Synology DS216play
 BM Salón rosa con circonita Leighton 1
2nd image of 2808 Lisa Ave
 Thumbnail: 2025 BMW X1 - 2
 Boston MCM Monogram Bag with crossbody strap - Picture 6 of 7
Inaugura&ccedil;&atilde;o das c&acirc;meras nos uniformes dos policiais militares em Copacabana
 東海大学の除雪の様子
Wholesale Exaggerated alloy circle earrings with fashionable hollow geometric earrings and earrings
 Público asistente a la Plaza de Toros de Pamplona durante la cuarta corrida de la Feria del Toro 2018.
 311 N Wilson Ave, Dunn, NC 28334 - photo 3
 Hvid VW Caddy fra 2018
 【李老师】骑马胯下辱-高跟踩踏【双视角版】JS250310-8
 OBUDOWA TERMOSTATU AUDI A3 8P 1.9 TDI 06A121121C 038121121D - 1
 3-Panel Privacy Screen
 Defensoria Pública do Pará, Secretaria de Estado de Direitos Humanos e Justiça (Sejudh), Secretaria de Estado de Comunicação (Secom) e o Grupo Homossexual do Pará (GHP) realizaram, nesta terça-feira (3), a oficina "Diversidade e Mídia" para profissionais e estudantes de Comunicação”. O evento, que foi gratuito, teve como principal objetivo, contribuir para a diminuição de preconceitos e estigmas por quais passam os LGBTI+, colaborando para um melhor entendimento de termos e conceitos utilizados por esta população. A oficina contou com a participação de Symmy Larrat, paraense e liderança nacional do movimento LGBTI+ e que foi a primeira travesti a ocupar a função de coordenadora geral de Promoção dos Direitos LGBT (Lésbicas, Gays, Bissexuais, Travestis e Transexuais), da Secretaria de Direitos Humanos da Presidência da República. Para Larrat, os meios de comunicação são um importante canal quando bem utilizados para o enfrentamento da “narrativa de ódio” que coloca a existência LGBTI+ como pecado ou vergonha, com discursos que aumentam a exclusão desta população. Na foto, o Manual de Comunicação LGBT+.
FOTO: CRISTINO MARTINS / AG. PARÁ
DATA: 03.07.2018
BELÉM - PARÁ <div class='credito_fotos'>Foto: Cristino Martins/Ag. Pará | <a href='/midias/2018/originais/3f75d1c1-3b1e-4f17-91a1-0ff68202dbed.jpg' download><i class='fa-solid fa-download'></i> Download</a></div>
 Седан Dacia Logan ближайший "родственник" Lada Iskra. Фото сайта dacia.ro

▸ **What the task asks**: Above are records; repeat only the lines starting at the line with "Boston MCM Monogram" and ending at the line with "3-Panel Privacy Screen", exactly as they appear, both included.

▸ **Completed task**:
 Boston MCM Monogram Bag with crossbody strap - Picture 6 of 7
Inaugura&ccedil;&atilde;o das c&acirc;meras nos uniformes dos policiais militares em Copacabana
 東海大学の除雪の様子
Wholesale Exaggerated alloy circle earrings with fashionable hollow geometric earrings and earrings
 Público asistente a la Plaza de Toros de Pamplona durante la cuarta corrida de la Feria del Toro 2018.
 311 N Wilson Ave, Dunn, NC 28334 - photo 3
 Hvid VW Caddy fra 2018
 【李老师】骑马胯下辱-高跟踩踏【双视角版】JS250310-8
 OBUDOWA TERMOSTATU AUDI A3 8P 1.9 TDI 06A121121C 038121121D - 1
 3-Panel Privacy Screen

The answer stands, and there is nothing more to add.